While Melissa’s power – with estimated maximum sustained winds of 298 km/h, according to the National Hurricane Centre – is in focus, the storm’s sluggish pace has amplified fears among forecasters and officials.
This combination of slow forward movement and blistering internal winds has made this storm particularly dangerous.
Slow-moving hurricanes allow the high winds within them – the rotational speed of the wind – to batter their impact zone for longer and dump larger amounts of rain.
Research shows tropical cyclones are moving significantly slower across the globe as the climate warms.

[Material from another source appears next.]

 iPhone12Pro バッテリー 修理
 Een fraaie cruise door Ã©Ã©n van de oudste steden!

Between 1949 and 2016, the global translation speed of tropical cyclones decreased by an average of 10 per cent, one recent study shows. This reduction directly impacts the amount of rain a given area receives from a cyclone, as slower-moving storms linger longer, dumping more rain. This effect is compounded by the fact that warmer atmospheres hold more water vapor, leading to increased rain rates within tropical cyclones.

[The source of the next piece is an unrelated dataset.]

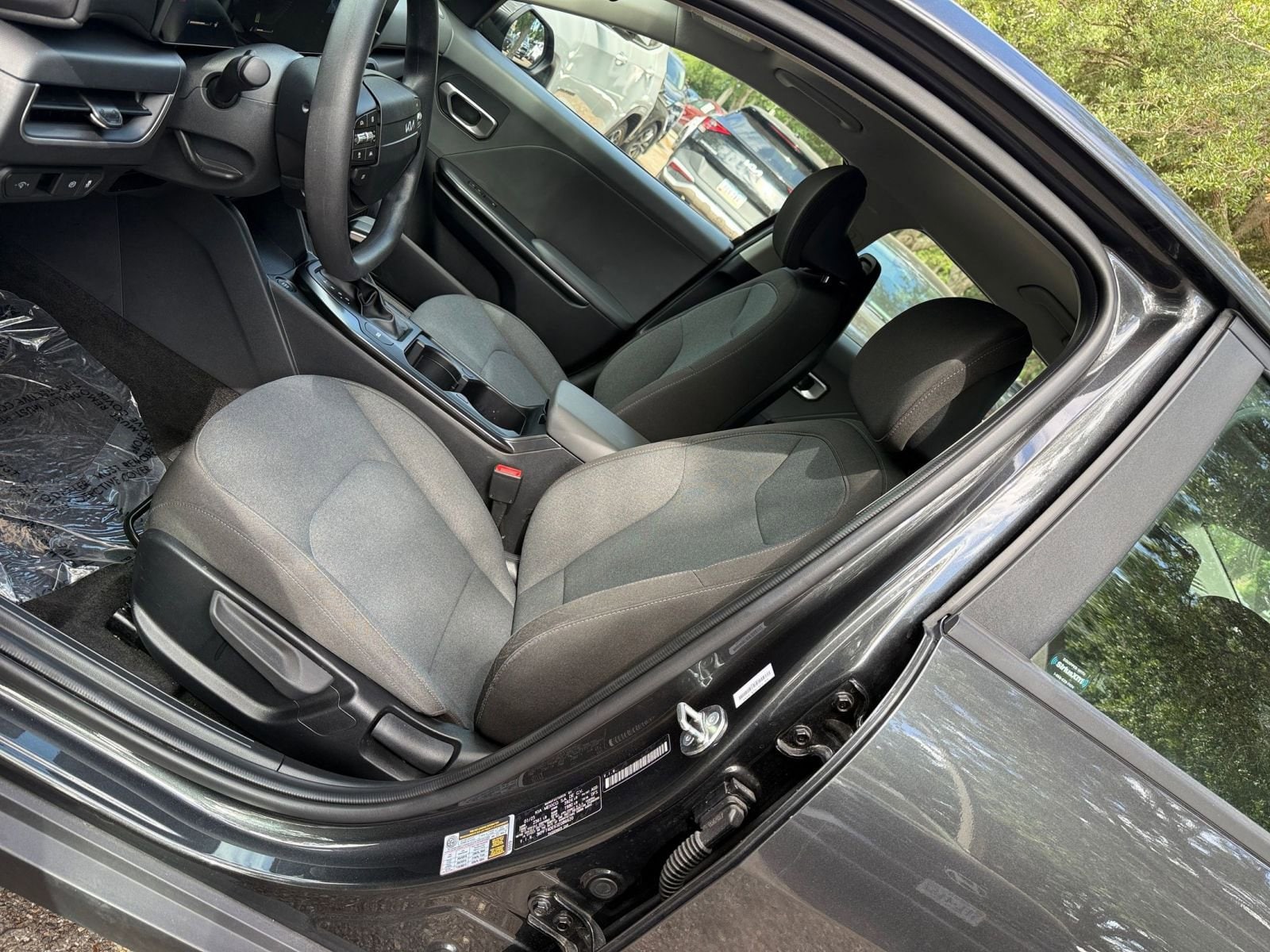 Thumbnail: 2025 Kia K4 - 25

According to an analysis by Yale Climate Connections, Melissa intensified rapidly due to the extreme heating waters across the central Caribbean, where record sea surface temperatures have been recorded through October, as they have been around the world, including around Australia.
“That part of the Atlantic is extremely warm right now – around 30 degrees Celsius, which is two to three degrees Celsius above normal,” Akshay Deoras, a meteorologist at the University of Reading, in the United Kingdom, told Associated Press.
“And it’s not just the surface. The deeper layers of the ocean are also unusually warm, providing a vast reservoir of energy for the storm.”